Dall'Africa i Vandali allestirono una flotta di imbarcazioni pirata e saccheggiarono le province dell'Impero, giungendo addirittura a saccheggiare Roma nel 455. Dopo il sacco di Roma si impadronirono delle Mauritanie, della Sardegna, Corsica e Isole Baleari.[2]

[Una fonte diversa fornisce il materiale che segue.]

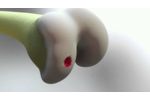 BioPoly RS Knee System Animation - Video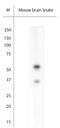 Aristaless Related Homeobox antibody, NBP2-80506, Novus Biologicals, Western Blot image 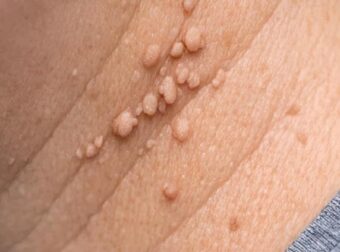 Αυτά τα μικρά δερματικά θηλώματα εμφανίζονται συνεχώς γύρω από τον λαιμό μου και δεν θα δω τον γιατρό μου για εβδομάδες. Τι μπορώ να κάνω άμεσα;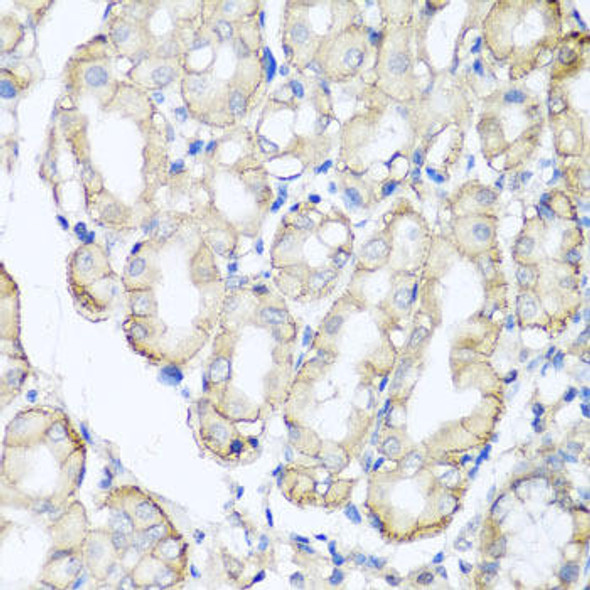 Metabolism Antibodies 2 Anti-AHCYL1 Antibody CAB7773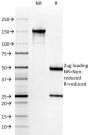 Cytokeratin 6A (KRT6A) (Basal Cell Marker) (KRT6A/2368), 1mg/mL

Antemio e i preparativi di una riconquista
[modifica | modifica wikitesto]Come già detto, la perdita dell'Africa fu fatale per l'Impero d'Occidente, perché il gettito fiscale proveniente dalla diocesi d'Africa era essenziale per mantenere l'esercito d'Occidente. Il governo imperiale, a corto di soldi a causa delle continue mutilazioni territoriali (con conseguente calo delle entrate fiscali), non poté dunque far nulla per potenziare l'esercito e anzi fu costretto a ridurne gli effettivi per ragioni di bilancio, portando ad ulteriori perdite di territori. L'unico modo per far rinascere l'Impero invertendo la tendenza di rapido declino era dunque sconfiggere i Vandali e riconquistare le ricche e produttive province dell'Africa. Il primo a tentarci fu l'Imperatore Maggioriano (457-461), la cui spedizione contro i Vandali, però, non partì mai a causa della distruzione della sua flotta ad opera dei pirati vandali, forse aiutati da traditori. Maggioriano, al ritorno in Italia, fu detronizzato e ucciso dal generale di origini barbariche Ricimero, che pose come imperatore fantoccio Libio Severo (461-465), non riconosciuto tuttavia né dall'Imperatore d'Oriente, né dai generali Egidio (in Gallia) e Marcellino (in Dalmazia), che secessionarono dall'Impero, creandosi domini propri in Gallia settentrionale e in Dalmazia.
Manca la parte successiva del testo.